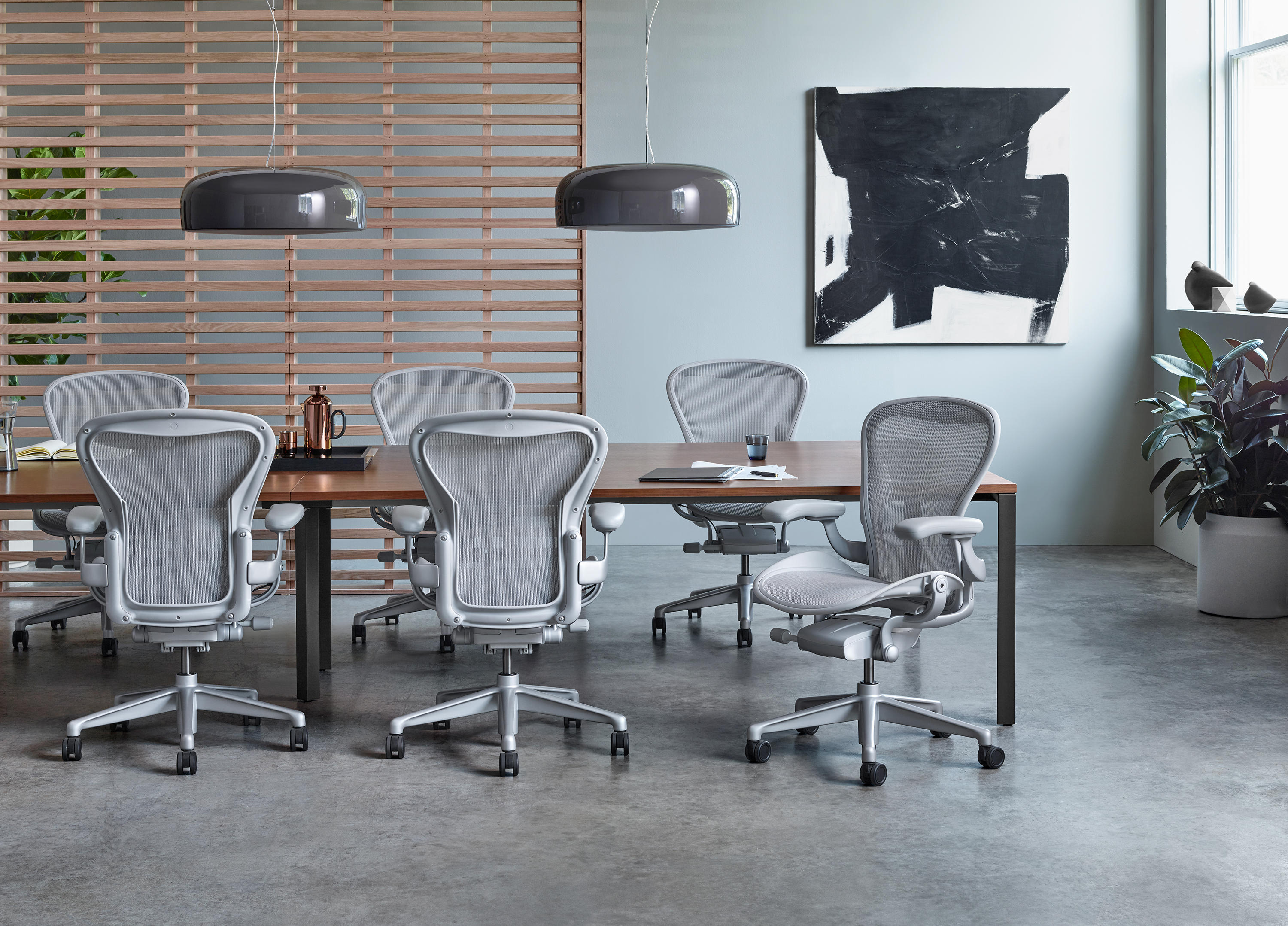 Lineage of architect-designed task chairs from Ergon (1976) and Meda Chair (1996) through Aeron (1994) to Foster + Partners' Muku for Okamura (June 2026)
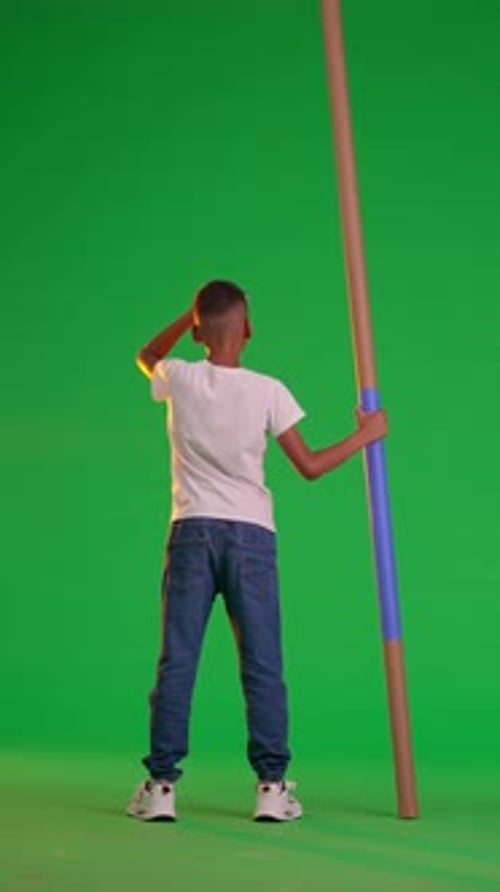 A Schoolboy Stares Into the Distance Holding a Blue Stick at the Green Screen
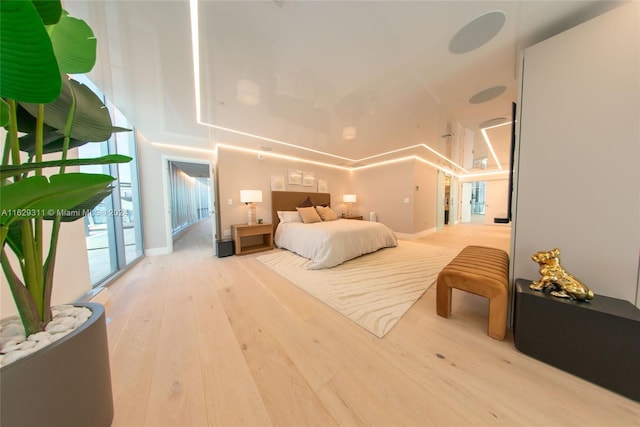 bedroom featuring wood-type flooring and a towering ceiling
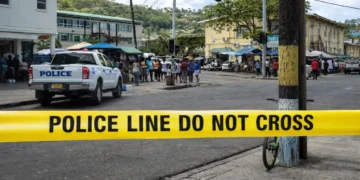 Police tape and patrol vehicle on Jeremie Street in Castries where a Soufriere resident fatally stabbed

◆ **WHAT THE TASK ASKS**
An exact transcription is requested of each line from the one that holds "bedroom featuring wood-type" to the end of the listing above, both boundary lines included; pictures are to be omitted.

◆ **WRITTEN SOLUTION**
 bedroom featuring wood-type flooring and a towering ceiling
 Police tape and patrol vehicle on Jeremie Street in Castries where a Soufriere resident fatally stabbed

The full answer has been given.